╭─ MATERIAL SHOWN

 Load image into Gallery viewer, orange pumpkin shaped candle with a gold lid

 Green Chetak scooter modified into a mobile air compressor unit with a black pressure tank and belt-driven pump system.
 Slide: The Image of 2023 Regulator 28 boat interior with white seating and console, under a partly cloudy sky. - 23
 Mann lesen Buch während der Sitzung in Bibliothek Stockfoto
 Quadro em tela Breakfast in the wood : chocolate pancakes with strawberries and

╰─
╭─ MATERIAL SHOWN

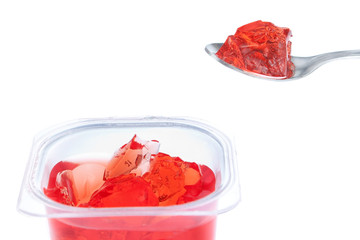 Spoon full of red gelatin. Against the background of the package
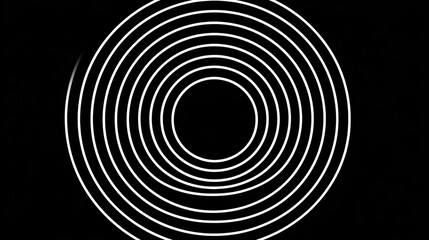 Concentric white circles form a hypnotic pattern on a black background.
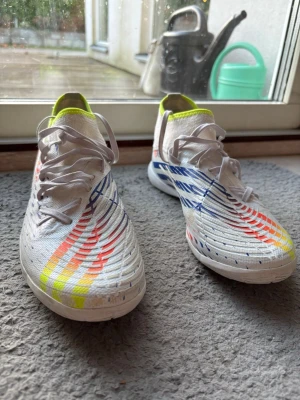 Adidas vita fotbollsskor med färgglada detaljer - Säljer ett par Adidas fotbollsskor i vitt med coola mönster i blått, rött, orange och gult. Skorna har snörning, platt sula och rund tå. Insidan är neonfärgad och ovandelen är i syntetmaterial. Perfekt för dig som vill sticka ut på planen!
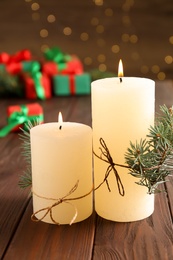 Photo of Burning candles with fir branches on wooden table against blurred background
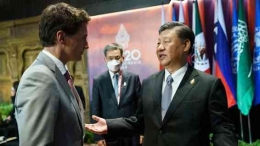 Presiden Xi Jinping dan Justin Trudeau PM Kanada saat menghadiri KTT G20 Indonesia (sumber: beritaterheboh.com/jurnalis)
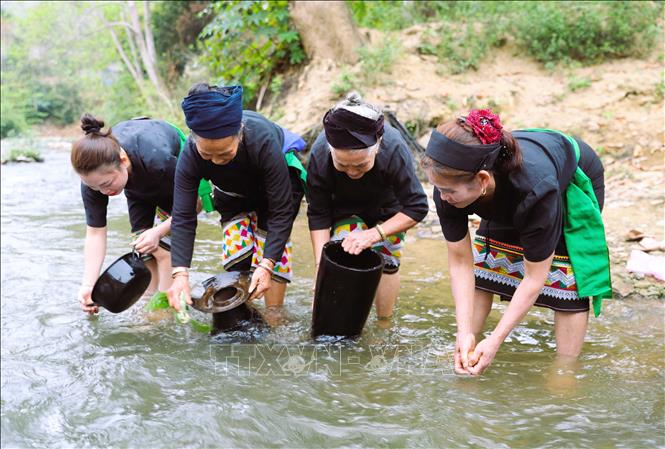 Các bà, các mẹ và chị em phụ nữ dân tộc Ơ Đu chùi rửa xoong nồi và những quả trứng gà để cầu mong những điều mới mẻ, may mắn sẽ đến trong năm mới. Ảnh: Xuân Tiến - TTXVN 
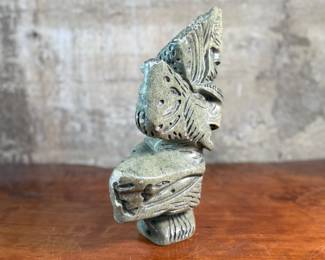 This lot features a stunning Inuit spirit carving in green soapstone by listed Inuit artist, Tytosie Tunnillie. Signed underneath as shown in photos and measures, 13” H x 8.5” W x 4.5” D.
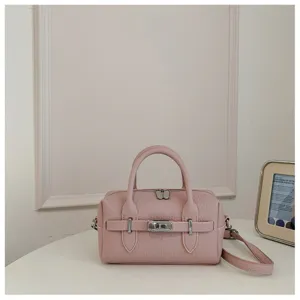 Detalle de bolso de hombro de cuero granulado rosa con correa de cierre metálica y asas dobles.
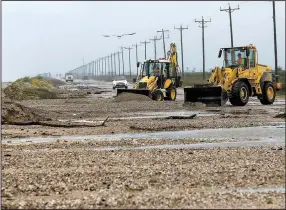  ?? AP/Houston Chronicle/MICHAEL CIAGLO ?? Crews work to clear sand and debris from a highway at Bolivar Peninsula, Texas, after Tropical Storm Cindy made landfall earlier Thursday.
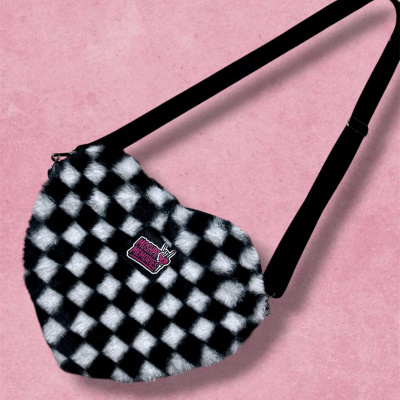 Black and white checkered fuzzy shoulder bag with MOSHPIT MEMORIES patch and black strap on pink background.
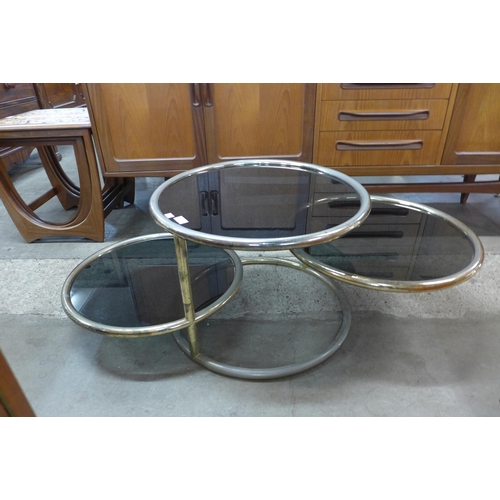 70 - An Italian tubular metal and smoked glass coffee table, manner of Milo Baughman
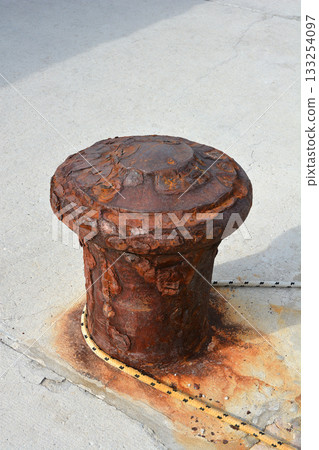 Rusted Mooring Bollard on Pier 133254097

╰─

§ **REQUIRED ACTION**:
An exact transcription is needed of the lines from the one with "Presiden Xi Jinping" to the one with "Detalle de bolso" above, both ends included, with pictures left out.

§ **SOLUTION**:
 Presiden Xi Jinping dan Justin Trudeau PM Kanada saat menghadiri KTT G20 Indonesia (sumber: beritaterheboh.com/jurnalis)
 Các bà, các mẹ và chị em phụ nữ dân tộc Ơ Đu chùi rửa xoong nồi và những quả trứng gà để cầu mong những điều mới mẻ, may mắn sẽ đến trong năm mới. Ảnh: Xuân Tiến - TTXVN 
 This lot features a stunning Inuit spirit carving in green soapstone by listed Inuit artist, Tytosie Tunnillie. Signed underneath as shown in photos and measures, 13” H x 8.5” W x 4.5” D.
 Detalle de bolso de hombro de cuero granulado rosa con correa de cierre metálica y asas dobles.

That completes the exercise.